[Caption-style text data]
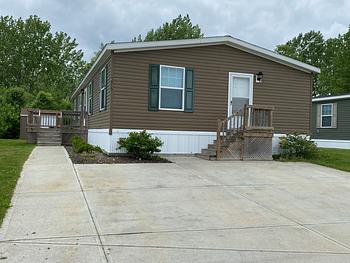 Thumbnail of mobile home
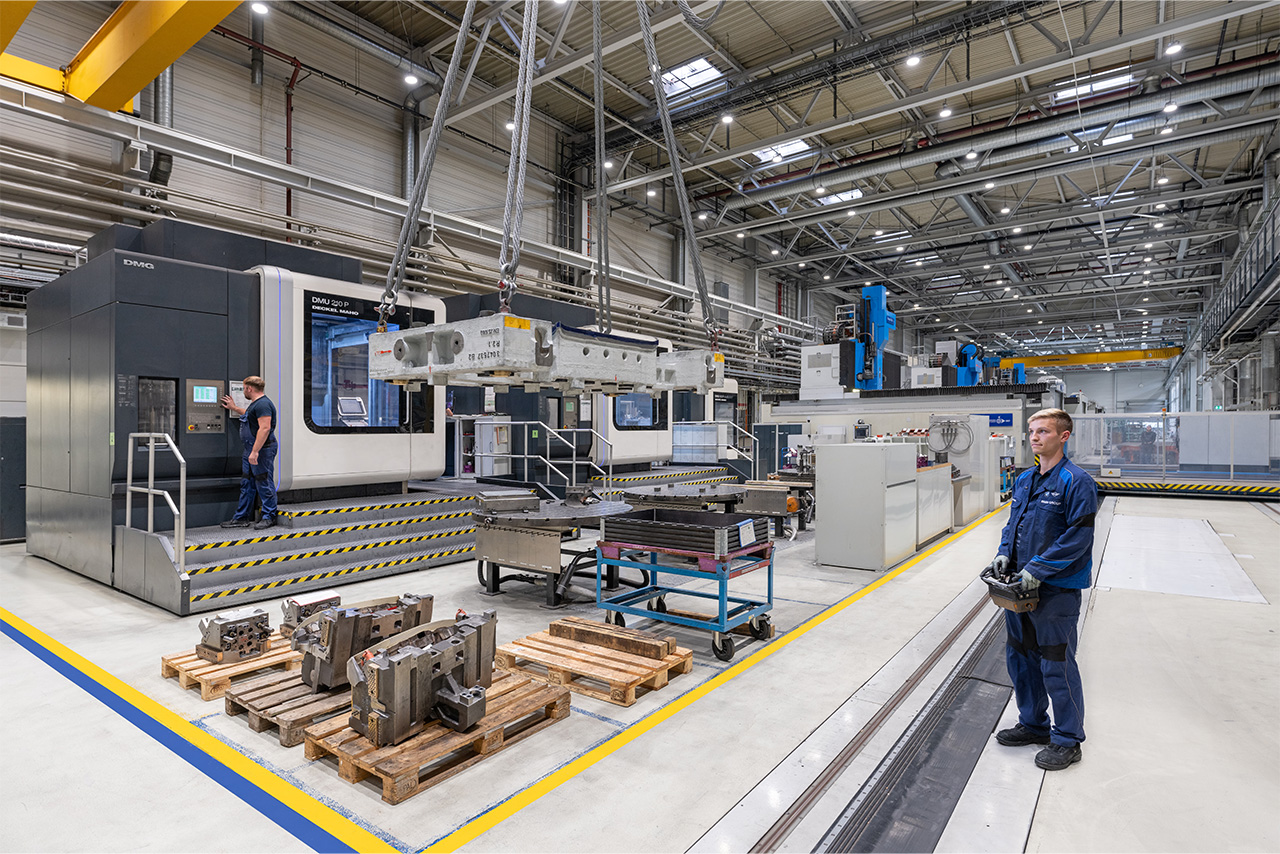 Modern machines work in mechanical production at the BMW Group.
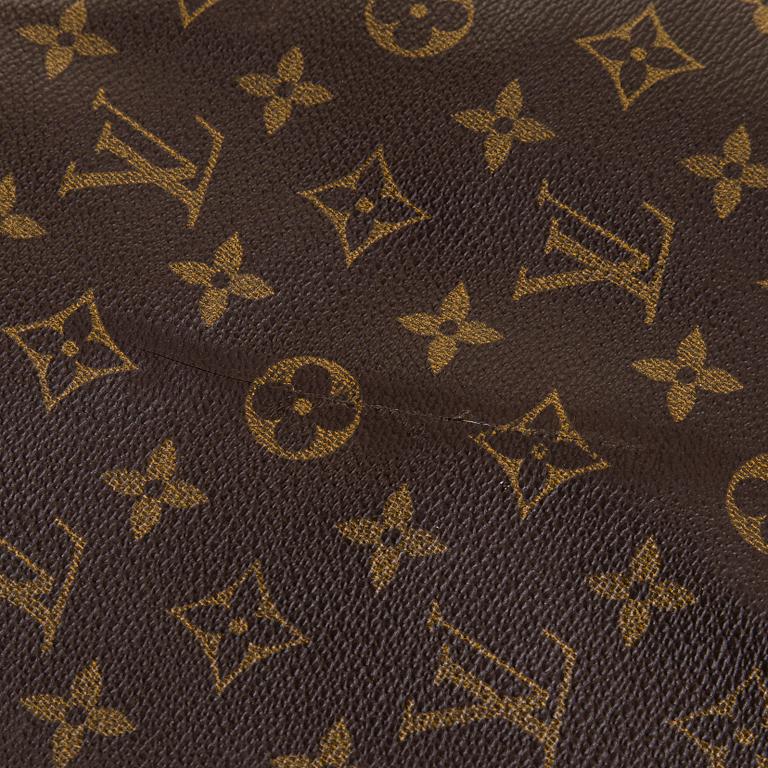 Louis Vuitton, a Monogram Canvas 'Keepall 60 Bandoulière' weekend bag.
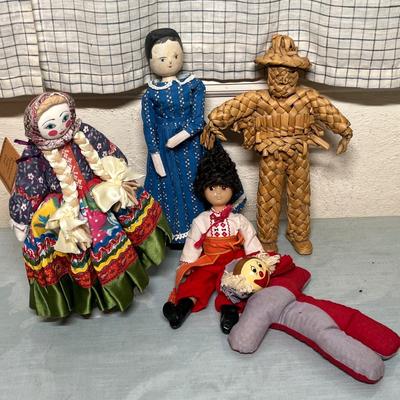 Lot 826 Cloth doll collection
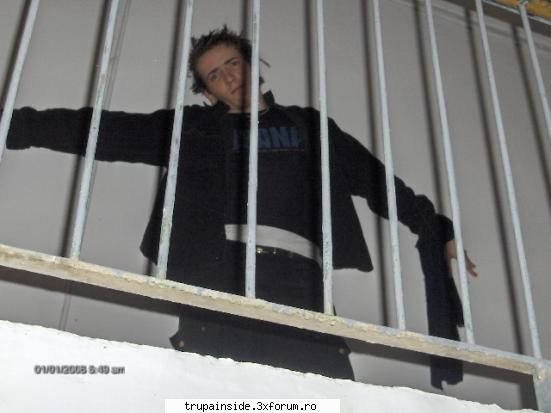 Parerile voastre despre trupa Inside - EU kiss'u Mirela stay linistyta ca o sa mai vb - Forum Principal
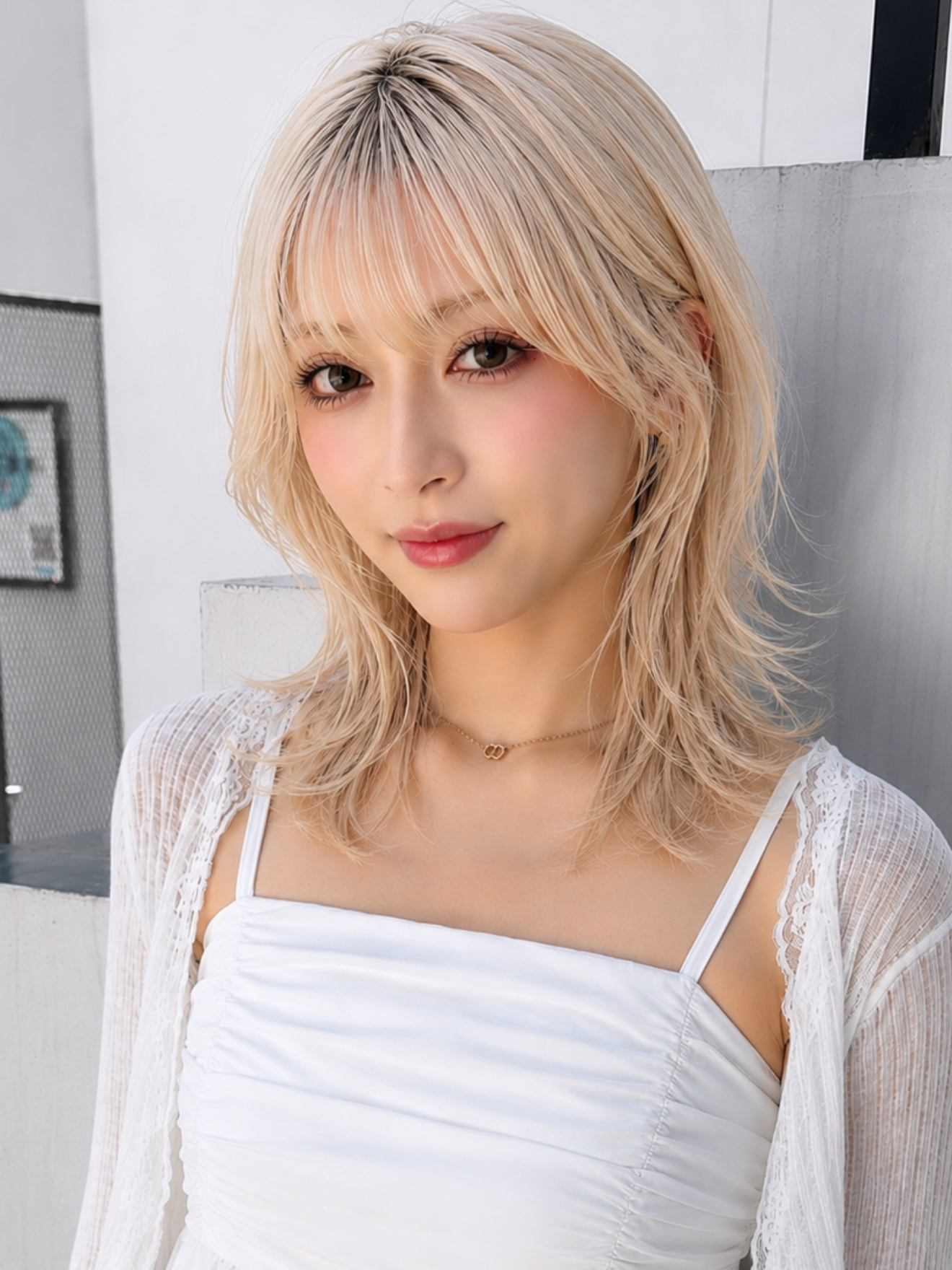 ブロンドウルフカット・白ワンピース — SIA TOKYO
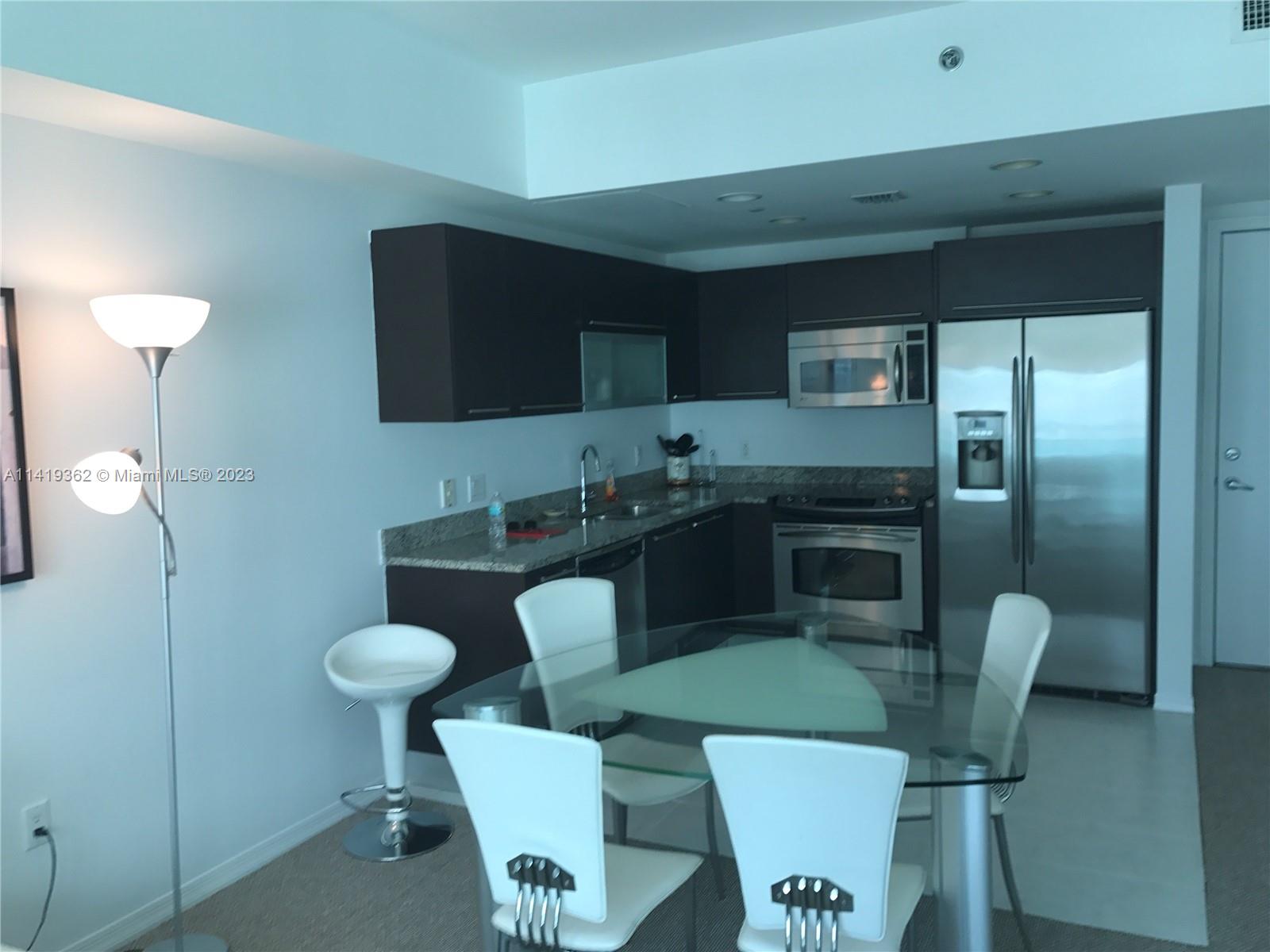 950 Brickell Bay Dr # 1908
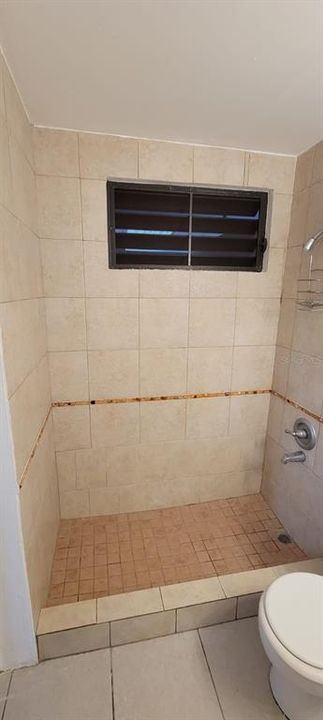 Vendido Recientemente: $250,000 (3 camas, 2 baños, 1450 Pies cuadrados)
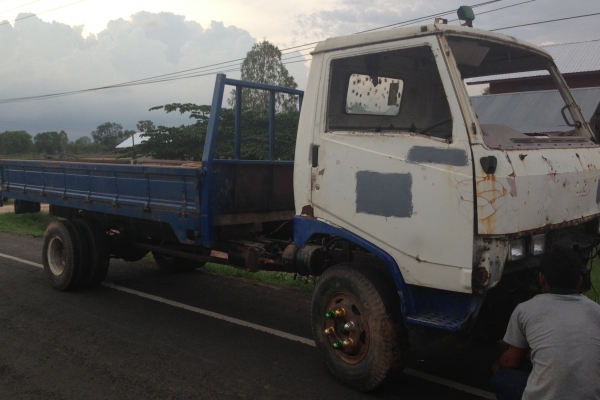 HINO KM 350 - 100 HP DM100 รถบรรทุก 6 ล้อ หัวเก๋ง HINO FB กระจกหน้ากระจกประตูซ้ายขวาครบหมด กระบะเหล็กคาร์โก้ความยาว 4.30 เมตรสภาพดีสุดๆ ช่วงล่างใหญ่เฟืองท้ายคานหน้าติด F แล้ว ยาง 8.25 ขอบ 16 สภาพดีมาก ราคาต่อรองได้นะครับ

→ WHAT IS EXPECTED: Copy every record exactly as it appears, apart from any pictures.

→ WRITTEN RESPONSE:
 Thumbnail of mobile home
 Modern machines work in mechanical production at the BMW Group.
 Louis Vuitton, a Monogram Canvas 'Keepall 60 Bandoulière' weekend bag.
 Lot 826 Cloth doll collection
 Parerile voastre despre trupa Inside - EU kiss'u Mirela stay linistyta ca o sa mai vb - Forum Principal
 ブロンドウルフカット・白ワンピース — SIA TOKYO
 950 Brickell Bay Dr # 1908
 Vendido Recientemente: $250,000 (3 camas, 2 baños, 1450 Pies cuadrados)
 HINO KM 350 - 100 HP DM100 รถบรรทุก 6 ล้อ หัวเก๋ง HINO FB กระจกหน้ากระจกประตูซ้ายขวาครบหมด กระบะเหล็กคาร์โก้ความยาว 4.30 เมตรสภาพดีสุดๆ ช่วงล่างใหญ่เฟืองท้ายคานหน้าติด F แล้ว ยาง 8.25 ขอบ 16 สภาพดีมาก ราคาต่อรองได้นะครับ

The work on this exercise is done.